Spring Planting 101: What to Plant, What Not to Plant, & Determining Your Gardening “Type”

I’ve had so many great questions from all of you lately, I decided it might make sense to address all of them in a quick video. Give this a quick watch for a fast-paced, 9-minute discussion of spring and summer plantings. It’s especially topical if you are in the Pacific Northwest or are unsure when to plant your tomato, pepper, squash, and other high-yield summer veggie starts outside (hint: Not now!). Did you know, for example, that the timing to plant something is based on soil temperature, not air temperature? You’ll likely kill those beautiful tomatoes if you put them in the ground now in the Pacific Northwest without great protection. I wouldn’t risk it. I know a lot of folks who have lost their garden by pushing some things too quickly. Let’s think through it together! Remember, there are no mistakes, just growth!

How Much Do You Need?

Also, a lot of you are gardening for the very first time and you don’t know how much food you might really want, or need. Many people are worried about overdoing it, and then they don’t plant enough because they’re unsure what they want or need from their garden. In my opinion, it’s better to err on the side of too much, rather than too little, because then you’ll always have more to share, and plenty to freeze or preserve. Let’s talk through that. (I mean, do remember you stopped by to read the perspectives from Eating Buckets, after all, not Eating-Just-A-Little-Bit-Sometimes.)

Here’s a great calculation guide by Garden Gate that allows you to calculate how much each person in your family will eat. Remember, however, that this guide is for fresh food eating, and isn’t inclusive of food you need for preserving, so you’ll need to factor that in based on your goals.

What Can You Plant Now?

Remember, you can head to Google to find your zone and plant what’s recommended for your zone, but always remember it’s a temperamental guideline based on soil temperature, not air temp. For good at-a-glance resources, I like The Farmer’s Almanac, the Better Homes and Gardens Garden Plans, the Northwest Gardening Planting Calendar, and the One Hundred Dollars A Month PNW Region Planting Guide, among others.

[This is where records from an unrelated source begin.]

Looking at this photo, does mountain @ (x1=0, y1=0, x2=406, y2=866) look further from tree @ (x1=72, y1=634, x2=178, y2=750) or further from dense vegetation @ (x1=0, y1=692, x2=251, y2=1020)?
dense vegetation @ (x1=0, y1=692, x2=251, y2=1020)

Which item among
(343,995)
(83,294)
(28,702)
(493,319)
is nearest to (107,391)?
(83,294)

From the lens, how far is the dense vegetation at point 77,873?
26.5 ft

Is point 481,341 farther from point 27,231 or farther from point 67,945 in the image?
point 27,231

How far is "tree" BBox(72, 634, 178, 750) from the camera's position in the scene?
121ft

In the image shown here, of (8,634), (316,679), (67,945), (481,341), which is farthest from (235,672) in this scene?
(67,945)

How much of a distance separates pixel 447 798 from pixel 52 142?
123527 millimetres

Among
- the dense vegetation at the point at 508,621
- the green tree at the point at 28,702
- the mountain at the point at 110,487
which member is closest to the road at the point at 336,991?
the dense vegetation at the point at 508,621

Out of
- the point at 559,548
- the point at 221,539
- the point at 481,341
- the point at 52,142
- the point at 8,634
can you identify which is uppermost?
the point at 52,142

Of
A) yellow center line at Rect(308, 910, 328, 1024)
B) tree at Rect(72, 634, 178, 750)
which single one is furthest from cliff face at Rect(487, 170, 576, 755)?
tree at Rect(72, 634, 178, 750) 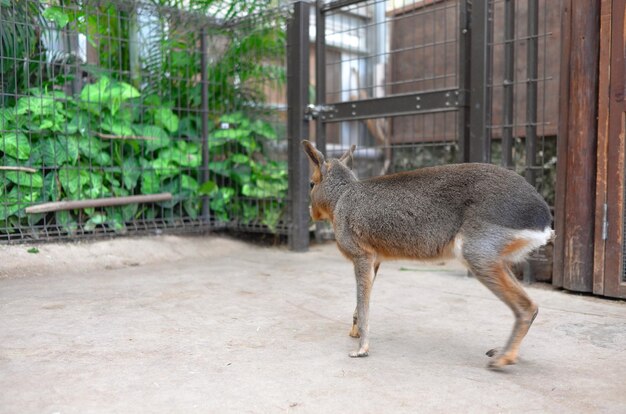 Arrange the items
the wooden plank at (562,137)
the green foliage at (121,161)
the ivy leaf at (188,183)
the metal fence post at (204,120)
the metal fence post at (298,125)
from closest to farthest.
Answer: the wooden plank at (562,137), the green foliage at (121,161), the metal fence post at (298,125), the ivy leaf at (188,183), the metal fence post at (204,120)

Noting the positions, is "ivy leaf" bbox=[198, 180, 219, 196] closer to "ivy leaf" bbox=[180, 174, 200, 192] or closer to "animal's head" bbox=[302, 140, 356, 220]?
"ivy leaf" bbox=[180, 174, 200, 192]

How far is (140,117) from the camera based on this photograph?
680 cm

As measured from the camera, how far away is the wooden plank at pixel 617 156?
4.54 meters

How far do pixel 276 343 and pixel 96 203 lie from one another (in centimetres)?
346

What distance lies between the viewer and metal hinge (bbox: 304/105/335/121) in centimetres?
692

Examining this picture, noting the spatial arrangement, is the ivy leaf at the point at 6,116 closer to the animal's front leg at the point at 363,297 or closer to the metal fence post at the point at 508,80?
the animal's front leg at the point at 363,297

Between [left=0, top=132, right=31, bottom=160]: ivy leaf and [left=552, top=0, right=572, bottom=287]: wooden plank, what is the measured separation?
500cm

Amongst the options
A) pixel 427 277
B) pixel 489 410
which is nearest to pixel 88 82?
pixel 427 277

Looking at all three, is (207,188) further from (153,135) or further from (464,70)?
(464,70)

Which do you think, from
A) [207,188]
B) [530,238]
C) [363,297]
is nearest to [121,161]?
[207,188]

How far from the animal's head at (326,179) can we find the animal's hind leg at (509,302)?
1.09 meters

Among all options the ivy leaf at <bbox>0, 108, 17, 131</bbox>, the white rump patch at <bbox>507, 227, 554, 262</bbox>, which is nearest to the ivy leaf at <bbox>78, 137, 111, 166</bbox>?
the ivy leaf at <bbox>0, 108, 17, 131</bbox>

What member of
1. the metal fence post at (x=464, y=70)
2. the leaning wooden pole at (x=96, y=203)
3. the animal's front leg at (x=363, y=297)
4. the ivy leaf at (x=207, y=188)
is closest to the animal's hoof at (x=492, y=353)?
the animal's front leg at (x=363, y=297)

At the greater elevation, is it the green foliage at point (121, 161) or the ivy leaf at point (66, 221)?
the green foliage at point (121, 161) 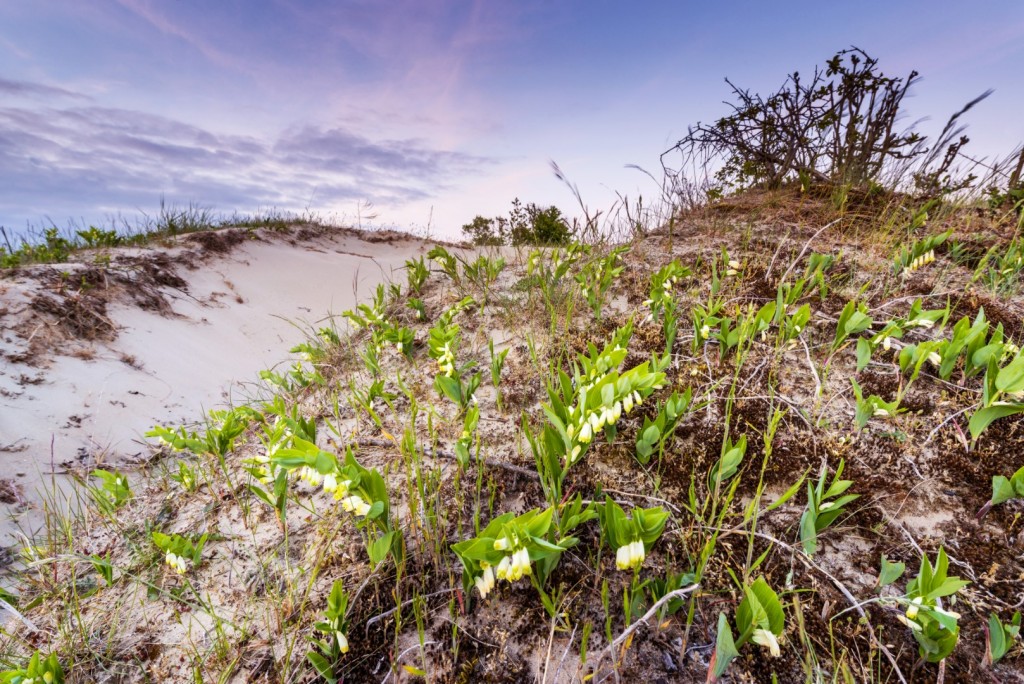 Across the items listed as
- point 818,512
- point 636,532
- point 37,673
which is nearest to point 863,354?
point 818,512

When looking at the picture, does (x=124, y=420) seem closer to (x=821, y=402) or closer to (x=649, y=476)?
(x=649, y=476)

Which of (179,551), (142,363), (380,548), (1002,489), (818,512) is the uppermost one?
(1002,489)

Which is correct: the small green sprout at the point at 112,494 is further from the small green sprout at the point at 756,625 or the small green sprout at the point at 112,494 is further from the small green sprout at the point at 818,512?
the small green sprout at the point at 818,512

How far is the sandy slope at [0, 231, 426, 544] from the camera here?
3461 millimetres

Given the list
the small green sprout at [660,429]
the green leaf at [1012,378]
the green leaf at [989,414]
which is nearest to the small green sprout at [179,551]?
the small green sprout at [660,429]

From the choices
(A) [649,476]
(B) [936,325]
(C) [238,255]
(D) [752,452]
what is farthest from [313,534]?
(C) [238,255]

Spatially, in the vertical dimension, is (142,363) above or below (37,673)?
above

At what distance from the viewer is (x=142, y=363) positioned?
4.59m

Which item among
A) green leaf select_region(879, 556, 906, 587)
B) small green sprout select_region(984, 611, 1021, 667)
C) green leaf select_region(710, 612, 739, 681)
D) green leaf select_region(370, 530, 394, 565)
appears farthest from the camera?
green leaf select_region(370, 530, 394, 565)

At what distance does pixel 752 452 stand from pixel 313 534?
2.04 metres

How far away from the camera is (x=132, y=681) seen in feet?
5.57

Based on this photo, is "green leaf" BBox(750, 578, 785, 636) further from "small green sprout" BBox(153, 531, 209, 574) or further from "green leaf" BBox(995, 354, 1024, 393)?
"small green sprout" BBox(153, 531, 209, 574)

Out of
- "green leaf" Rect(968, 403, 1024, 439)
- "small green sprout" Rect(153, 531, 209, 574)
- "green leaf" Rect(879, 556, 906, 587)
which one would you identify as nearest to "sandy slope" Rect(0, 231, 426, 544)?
"small green sprout" Rect(153, 531, 209, 574)

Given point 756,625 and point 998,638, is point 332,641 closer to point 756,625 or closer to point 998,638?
point 756,625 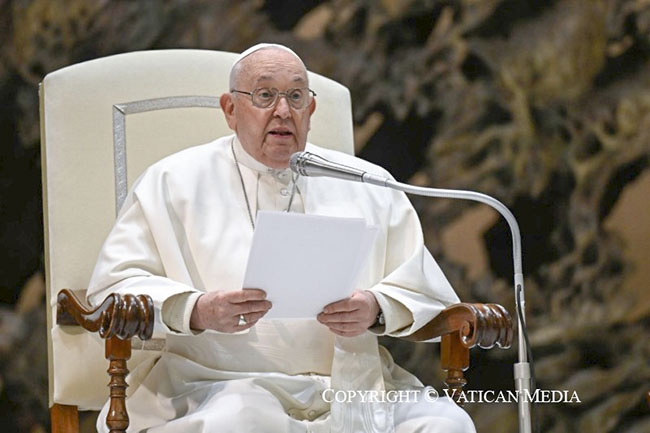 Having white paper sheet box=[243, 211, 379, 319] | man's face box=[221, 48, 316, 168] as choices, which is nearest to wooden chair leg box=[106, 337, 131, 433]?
white paper sheet box=[243, 211, 379, 319]

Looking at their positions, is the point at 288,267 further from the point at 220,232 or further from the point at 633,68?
the point at 633,68

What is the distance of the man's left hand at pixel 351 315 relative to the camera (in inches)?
132

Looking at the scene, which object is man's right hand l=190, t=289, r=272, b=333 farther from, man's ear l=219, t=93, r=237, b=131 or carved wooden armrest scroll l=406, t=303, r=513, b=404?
man's ear l=219, t=93, r=237, b=131

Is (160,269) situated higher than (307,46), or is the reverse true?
(307,46)

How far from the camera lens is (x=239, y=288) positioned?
3.69 metres

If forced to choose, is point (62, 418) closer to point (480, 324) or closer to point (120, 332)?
point (120, 332)

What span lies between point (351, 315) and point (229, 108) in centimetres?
94

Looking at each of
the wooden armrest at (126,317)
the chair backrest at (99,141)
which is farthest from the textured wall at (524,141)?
the wooden armrest at (126,317)

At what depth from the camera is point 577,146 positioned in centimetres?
573

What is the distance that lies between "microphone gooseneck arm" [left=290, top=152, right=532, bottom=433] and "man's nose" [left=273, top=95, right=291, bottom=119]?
1.59 ft

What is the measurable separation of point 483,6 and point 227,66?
1822 millimetres

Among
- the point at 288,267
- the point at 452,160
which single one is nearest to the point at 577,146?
the point at 452,160

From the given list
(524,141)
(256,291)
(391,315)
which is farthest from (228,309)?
(524,141)

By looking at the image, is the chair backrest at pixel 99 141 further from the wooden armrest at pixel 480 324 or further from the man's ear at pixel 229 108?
the wooden armrest at pixel 480 324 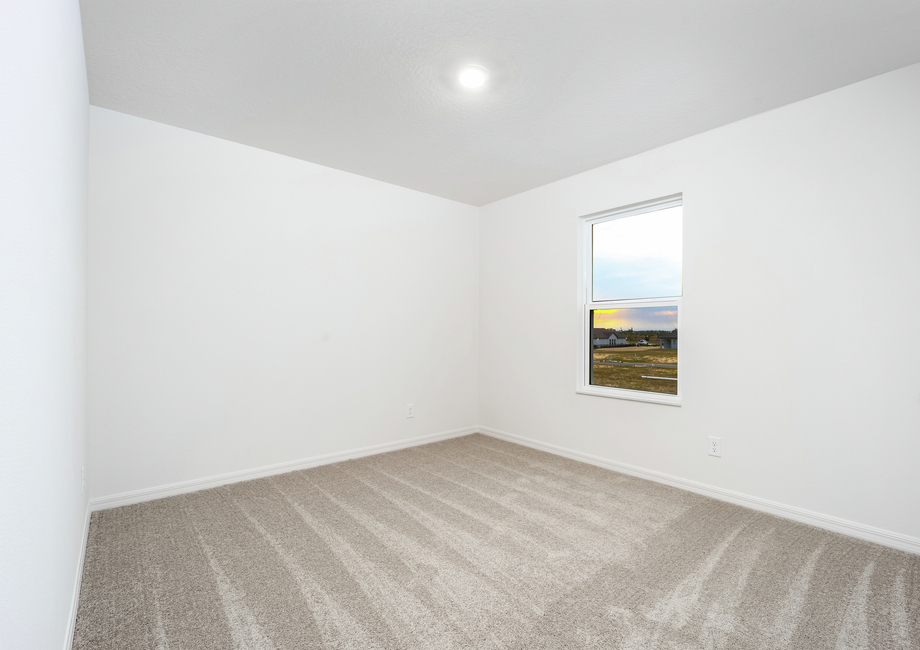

Also remember that I rarely start cool weather crops indoors. I save my seedling space for hot weather crops, like tomatoes and peppers. That might change when I get a greenhouse, but I kinda doubt it, because I have had such success with directly sowing my seeds.

For the Pacific Northwest, this is a (non-exhaustive) list of what you can plant right now:

  • Lettuces
  • Arugula
  • Carrots
  • Beets
  • Radishes
  • Kale
  • Collards
  • Kohlrabi
  • Broccoli
  • Chard
  • Cabbages
  • Cauliflower
  • Peas
  • Turnips
  • Rutabagas
  • Potatoes
  • Spinach
  • Onions
  • Leeks
  • Scallions
  • Artichokes
  • Celery
  • Parsley
  • Borage
  • Mint

Build Your Summer Garden Beds

Now is also the time to study your sunlight and prepare your summer beds for cucumber, zucchini, squash, tomatoes, peppers, and more. These are often the boutique items that you crave all year. While you might be dreaming of their fresh taste right now, keep in mind that you really should also grow enough to save some of your harvest for sunny reminders of good weather during the darker months–think homemade salsa, tomato sauce, pickles, harvest soups, oh, my. You can freeze, can, or dehydrate everything you grow. Everything. So keep that in mind as you plan your summer goods.

Remember: Map out your summer garden based entirely on sun, even if it means moving existing garden beds. Your sunniest space is where you’ll plant your tomatoes, no matter where it’s located. It’s worth hiking a bit to that one sunny nook if there’s a sweet tomato harvest waiting there for you.

What are you planting right now? Let me know if you have any questions.